What is it about the turning of the clock that makes us want to change ourselves? Well, perhaps not “change,” but improve or enhance. I think it must be the feeling of “starting fresh.” Like all dieters tend to do by starting their diet on a Monday rather than, say, a Wednesday.
I am a failure at resolutions. I’m not being self-deprecating. This is a fact. I know this because I recorded my 2011 New Year’s Resolutions here on the blog. These resolutions weren’t even newly professed — they were things that I had committed to doing in 2010 already during the year and still hadn’t managed to succeed at. (This is certainly a downside of keeping a public weblog — your successes and failures are out in the open for all to read.)
At the risk of doing “an Oprah” and outing myself for losing weight only to gain it again, this is exactly what I did in 2012. In January 2012, I started recording my food using an online tool called My Fitness Pal.

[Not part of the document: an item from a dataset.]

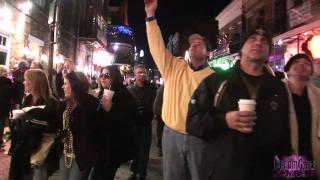 Awesome Natural Tits Flashed from Hot Chicks on Bourbon St 11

Two of my friends have had amazing success at losing weight and keeping it off and they use this tool on a daily basis — even when they’re on holiday. So I decided to give it a try. By June, I had lost almost 20 lbs. I let things slide in the summer and now, in January 2013, I sit back at the same weight I started from. As you can imagine, it makes me wonder why I bothered in the first place.
And yet, I still feel the compulsion to make resolutions for the year ahead. While they are not weight-specific, I do need to adopt — and keep — a more active lifestyle. I am far too sedentary, and it will slowly kill me. Research has found that those who sit all day have:
- 147% increase risk of heart attack or stroke;
- 112% increase in risk of developing diabetes; and a
- 49% greater risk of premature mortality.
Why do I say “need”? Because I need to do what I can to be there for my kids’ futures and I need to ensure that I am not taking my health for granted when people close to me have had theirs ripped out of their hands against their will. Hubby is feeling this exact same need. He leads an extremely active lifestyle, so his resolution is different than mine but it is related to preserving our health and not taking it for granted.
In reading this article today in the Harvard Business Review, I again questioned whether I should pronounce a specific goal. The author recommends instead that we should adopt “an area of focus.” So as example, a goal would be to run a marathon this year, whereas an area of focus would be to focus on dramatically increasing my level of cardio-fitness. In the first instance, I might meet the goal but to the detriment of knees because I am so focused on the specific task at hand.
And yet, despite the evidence that I do not succeed at meeting new year’s resolutions and the points raised in the HBR article, I still feel a compulsion to have a specific, tangible goal to strive for. Why, I’m not sure. But I’m going to do it anyhow and it is going to be just one goal.
2013 New Year’s Resolution Goal:
To take 8,000 – 10,000 steps each day
For sedentary adults like myself, it is sometimes recommended to increase your steps by 2,000 to 2,500 steps a day. That would mean that I would be striving for 5,000 to 6,500 steps a day. But other recommendations use the magic “10,000” number. Although I am sedentary, I am in good health and know that I can do 10,000 a day when I put attention towards it. So I think the 8 to 10k is a reasonable goal that can help me form a habit and will result in greater health.
In another post, I will go through the steps I’m taking to integrate this goal into my daily life. If you’d like to join me, I’ve love company!
Happy 2013 to each of you. May it be a year full of laughter and love — and great health!